Unlike several other products which are mono-functional delivering one usage functionality (a detergent just cleans, an automobile just drives and a microwave oven just cooks, for example), SFMCG products tend to be convergence products delivering multiple functionality, and at least multiple options within a single functionality. As a result, the versatility of functions provides the second most important lever to build loyalty with SFMCG products.

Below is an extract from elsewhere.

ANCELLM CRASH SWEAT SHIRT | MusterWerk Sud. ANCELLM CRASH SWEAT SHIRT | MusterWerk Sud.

SFMCG products, however, share with other products the lever of esteem as a driver of customer loyalty. A premium automobile user would any day love to drive a car with Mercedes Tristar, BMW logo or Toyota brand. An electronics equipment user would always consider a Sony or a Bose to represent higher senses of listening pleasure. In a similar manner, SFMCG firms have the ability to convert their products into products of esteem. When technology of design, manufacture and usage provides a unique experience and feel, SFMCG products tend to assume a cult phenomenon. Apple has emerged as the most skilful in leveraging esteem as a driver of sustainable customer loyalty.
Others: Quo vadis?
The above discussion has led to an interesting profile of what defines an SFMCG product and the five essential principles that shape the evolution and sustainability of an SFMCG product. Yet, it would be facile to assume that the other sectors and products would, for ever, be molded in conventional laws of development, manufacture and marketing. The rate of technological change would in the coming years be even more intense and comprehensive. The new laws of SFMCG would need to be studied and adapted by all firms which believe in product reinvention and competitive rejuvenation as strategies to dominate future industrial evolution.